WHAT THIS TASK INVOLVES: Would you retype, word for word, only the lines from the one holding "[MMD] 悪ノ娘-Daughter of Evil [PV]" through the final line of the entries below, without the pictures?

SOURCE MATERIAL:
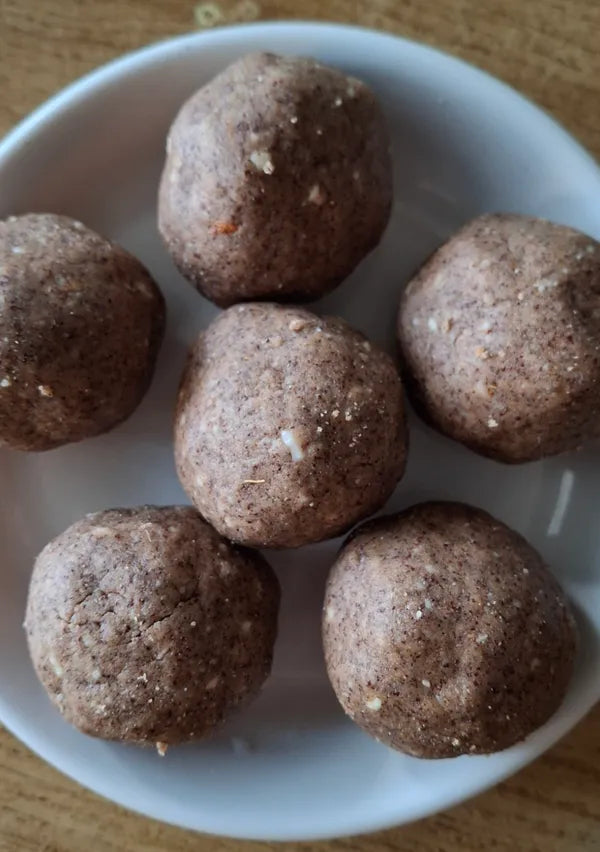 Ragi Ladoo with Organic Jaggery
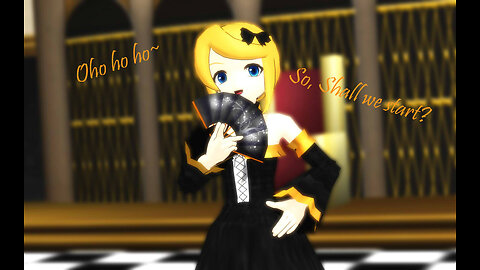 [MMD] 悪ノ娘-Daughter of Evil [PV]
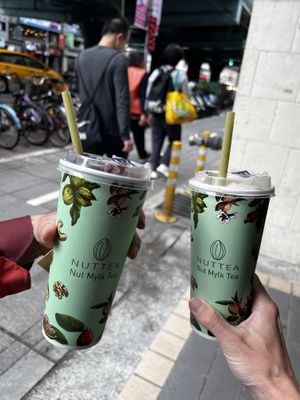   at NUTTEA 堅果奶茶 in Taipei
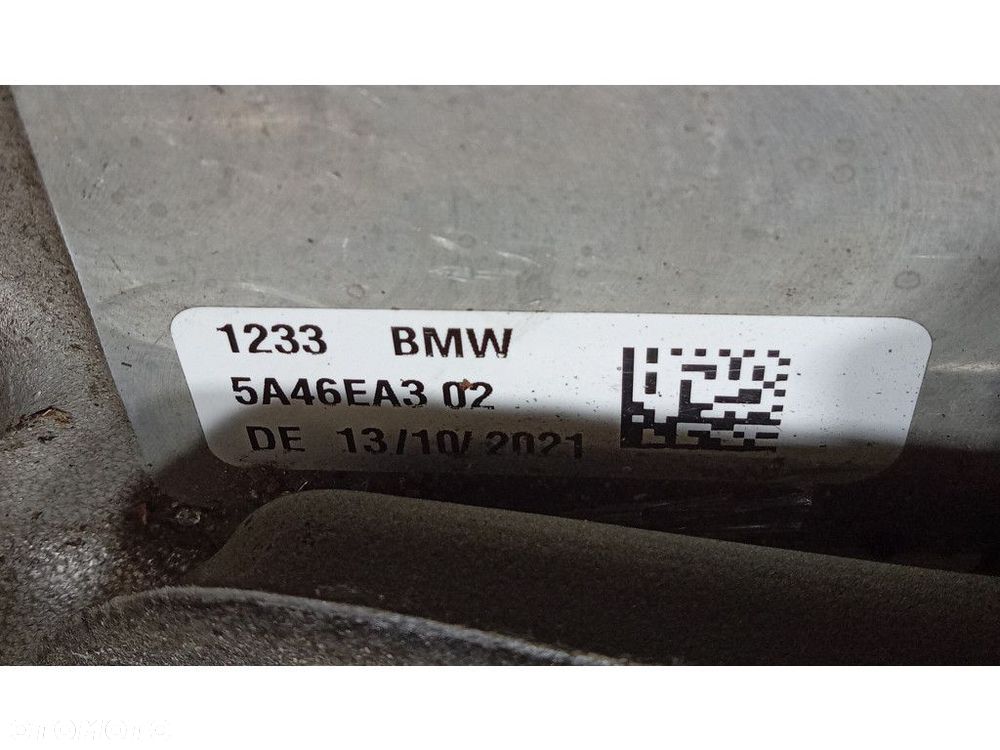 BMW IX I20 SILNIK ELEKTRYCZNY PRZEDNI 5A46EA3 105kWh 385KM - 10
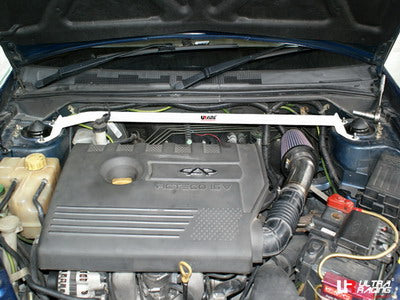 Image of Chery A5 06+ UltraRacing 2-Point Front Upper Strutbar
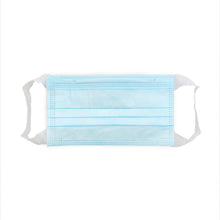 Load image into Gallery viewer, DISPOSABLE FACE MASK (FABRIC EAR LOBE)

YOUR RESPONSE:
 [MMD] 悪ノ娘-Daughter of Evil [PV]
   at NUTTEA 堅果奶茶 in Taipei
 BMW IX I20 SILNIK ELEKTRYCZNY PRZEDNI 5A46EA3 105kWh 385KM - 10
 Image of Chery A5 06+ UltraRacing 2-Point Front Upper Strutbar
 Load image into Gallery viewer, DISPOSABLE FACE MASK (FABRIC EAR LOBE)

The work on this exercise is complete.